- [Work item]:
In the entries below, find the line with "Paloma Reina, en" and the line with "Michael kors wallet"; copy them and every line between them exactly, but not the pictures.

- [Data for processing]:
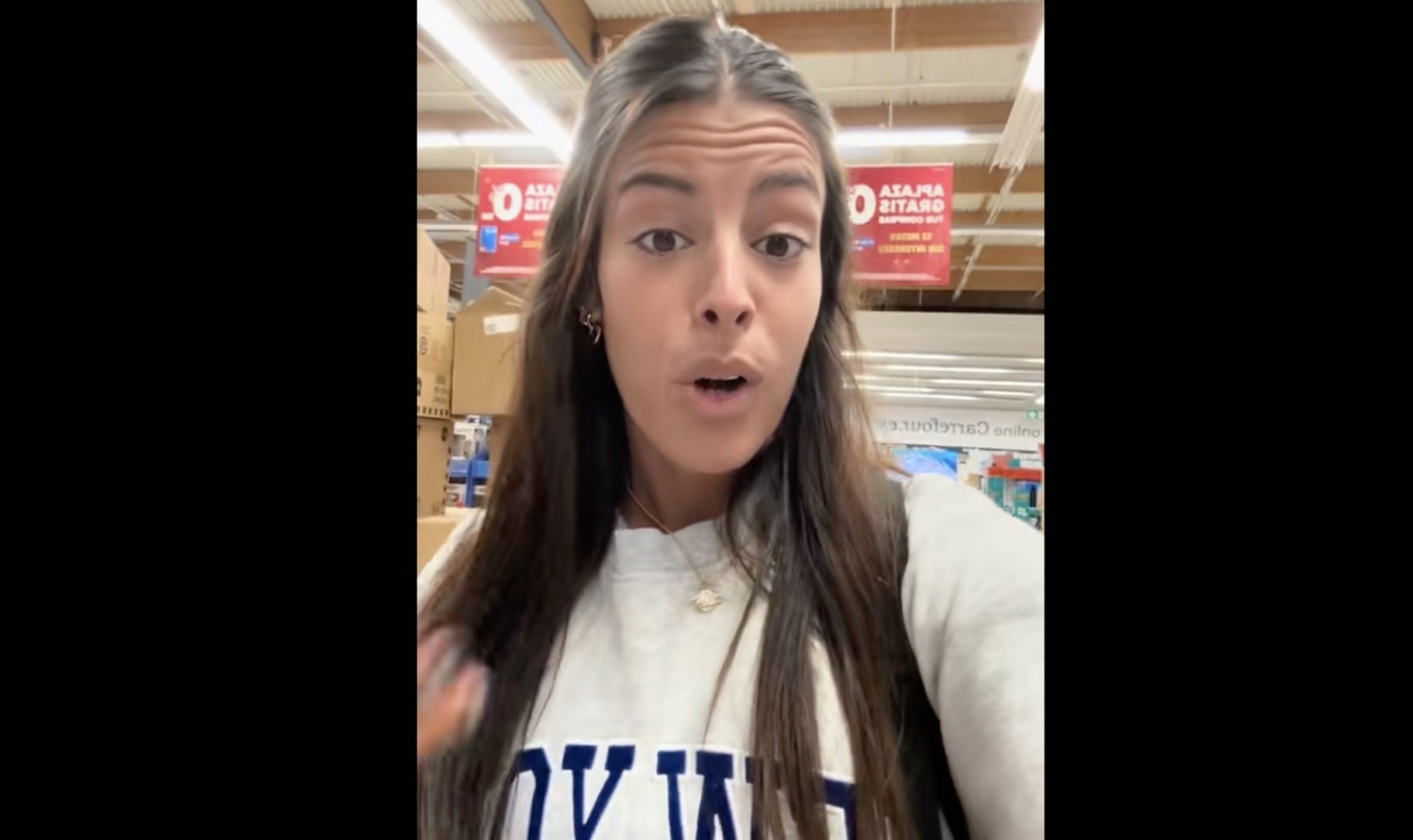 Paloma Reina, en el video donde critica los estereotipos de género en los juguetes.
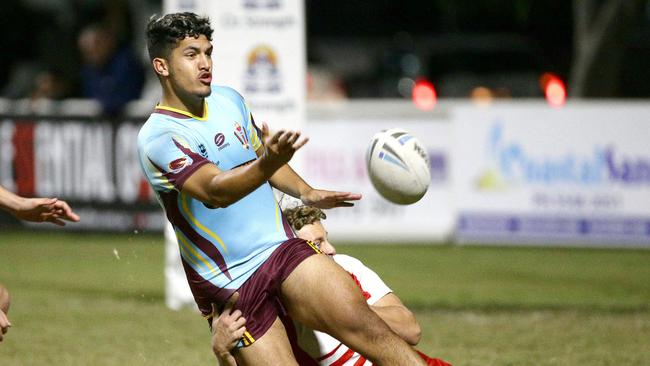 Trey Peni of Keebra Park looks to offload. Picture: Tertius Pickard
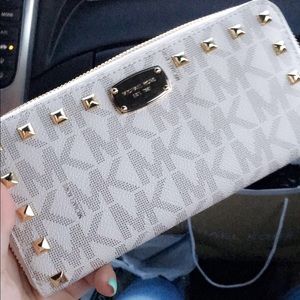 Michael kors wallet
* * *
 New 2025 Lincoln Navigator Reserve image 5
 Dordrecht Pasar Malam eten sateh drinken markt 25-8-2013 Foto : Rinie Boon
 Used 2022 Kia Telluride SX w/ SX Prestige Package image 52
* * *
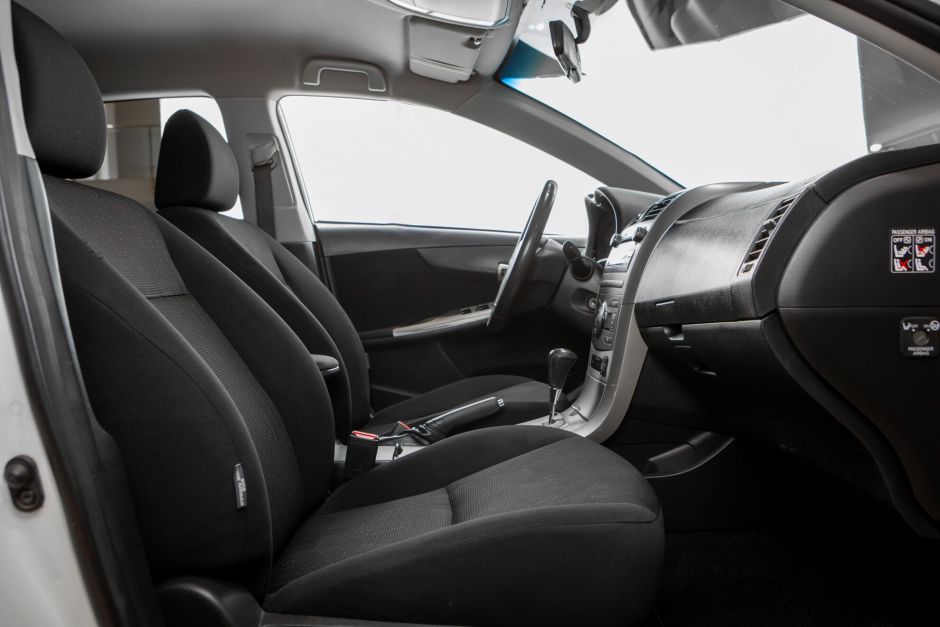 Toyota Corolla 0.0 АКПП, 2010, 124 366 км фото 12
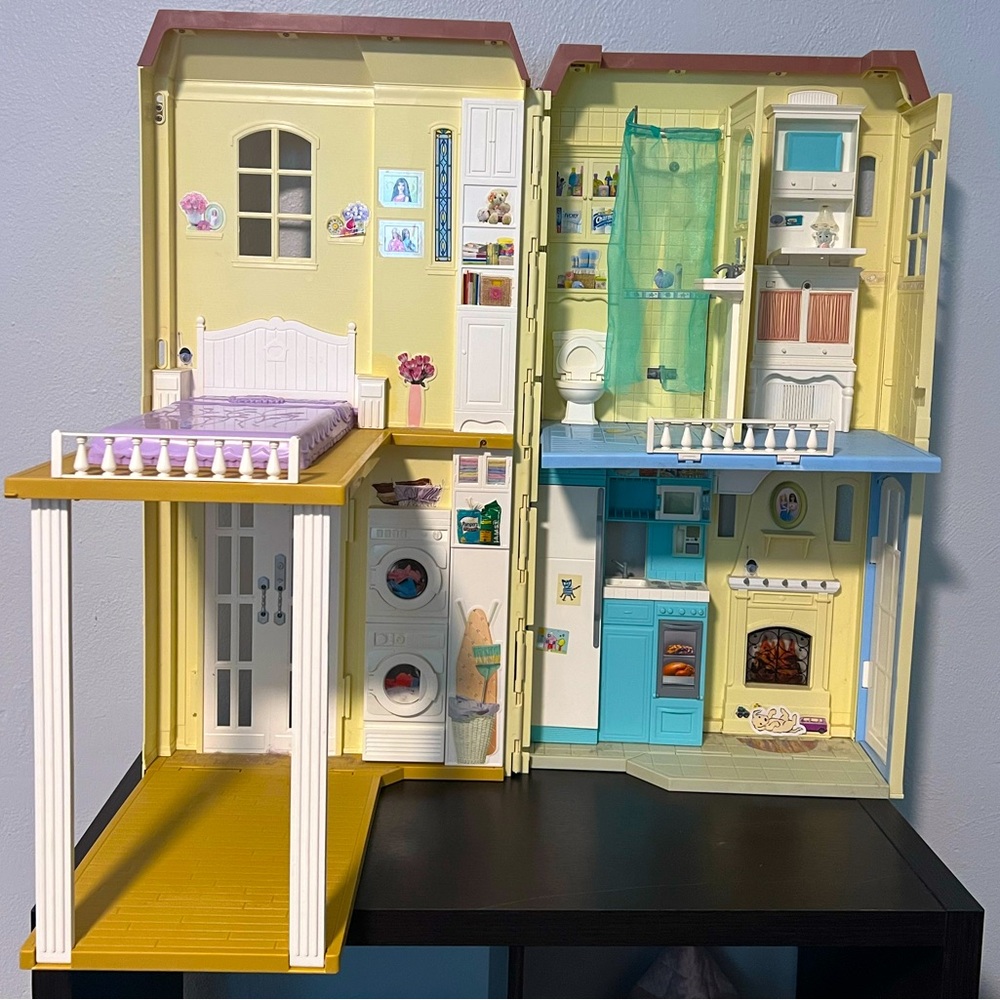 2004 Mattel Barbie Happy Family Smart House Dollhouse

- [Finished task]:
 Paloma Reina, en el video donde critica los estereotipos de género en los juguetes.
 Trey Peni of Keebra Park looks to offload. Picture: Tertius Pickard
 Michael kors wallet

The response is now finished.